Table 7 Feature vector generation time levels in milliseconds
Fig. 8
figure 8

Feature vector generation time levels in milliseconds

6 Conclusion

In today’s data-driven world, people of all backgrounds are interested in the best methods for verifying identities and keeping sensitive data safe. While biometric identification is now the most practical and safe method of establishing one’s identity, this method is limited in its ability to accommodate the increasingly diverse and complicated authentication circumstances that are becoming the norm. This research offers a CNN-based biometric technique that extracts and selects the features from ECG for accurate detection of humans To extract information from ECG data, CNN analyzes collections of QRS complexes.
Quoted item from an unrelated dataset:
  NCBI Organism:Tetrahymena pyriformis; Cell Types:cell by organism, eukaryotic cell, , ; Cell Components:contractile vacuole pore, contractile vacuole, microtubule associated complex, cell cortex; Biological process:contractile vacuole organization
This research presents a feature layer fusion approach using a CNN, bringing together the best feature set. To maximize the useful feature information, this technique uses a residual structure and incorporates a self-attention mechanism that assigns a weight to each feature as it is updated by the feature fusion module. After data collection, feature extraction and feature reduction are the most crucial steps. The most distinguishing characteristic values are chosen. It would be reduced to a negligible quantity of data if these traits were sufficiently large. The proposed model performance can be measured by applying the generated feature set to a variety of closed-set identification, identity verification, and periodic re-authentication tasks while employing large sample sets collected under realistic situations. In this research, an (APbWMFV-CNN) is proposed for ECG signal-based authentication. The proposed model selects the most appropriate features used for accurate biometric model. The proposed model achieves 98.4% accuracy in generating the weighted multi feature vector. The proposed model feature subset reduces the feature set with best feature set. In future, optimization techniques can be applied on the feature set to perform feature dimensionality reduction with reduced feature set.